That's the ref in the paper. It's a bit confusing because they're looking at
chemical processes taking place at 15-20km altitude. Temps there are around
-55C maybe, 200K).

They plot changes for activation of the process, but I don't have enough
knowledge about it to understand the implications. The bottom axis of their
graph runs from 195K - 210K though so clearly it's not a big delta. They seem
much more interested in the amount of water vapor at altitude.

The other thing is that it seems like the process has a fairly short cycle
time. By which I mean they mention changes on the order of days. When I think
about ozone holes I think mainly in the context of decades.
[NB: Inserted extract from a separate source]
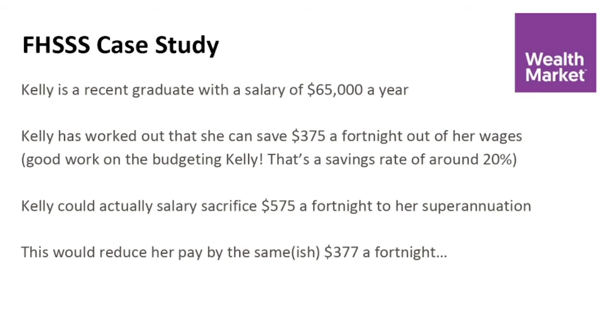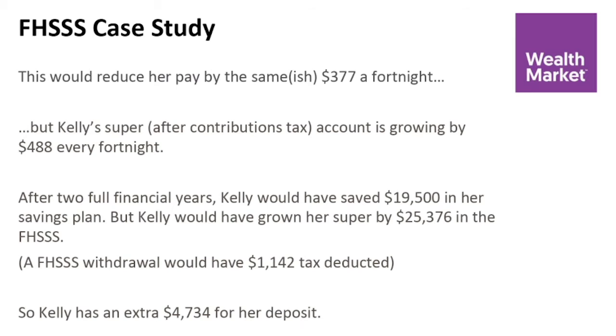Good work, Kelly — that's actually saving 20% of her income. Kelly can actually salary sacrifice $575 a fortnight into her super. Now that reduces her pay by $377 a fortnight, which, excluding the small $2 difference, is pretty much the same as what she was going to be able to save anyway. What's happening is Kelly is putting that money in before tax. There is a small contributions tax that comes out of it, but even after that, her super is growing by $488 a fortnight.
So I'm not sure how much the mention of warming and ozone loss in the OP paper
was a 'hey that might be of note,' or was a more substantially linked
relationship.

(I kind of wonder if pole reversal/magnetic field weakening or solar events
could play into the loss of ozone during the extinction in the original
paper?)

The paper makes this statement at the end:

Last, we emphasize that because chlorine ac- tivation depends exponentially on
water vapor and temperature, and in turn that the forcing of climate may well
control the convective injec- tion of water into the lower stratosphere, the
idea that ozone “recovery” is in sight because we have controlled
chlorofluorocarbons and halon release is a potential misjudgment.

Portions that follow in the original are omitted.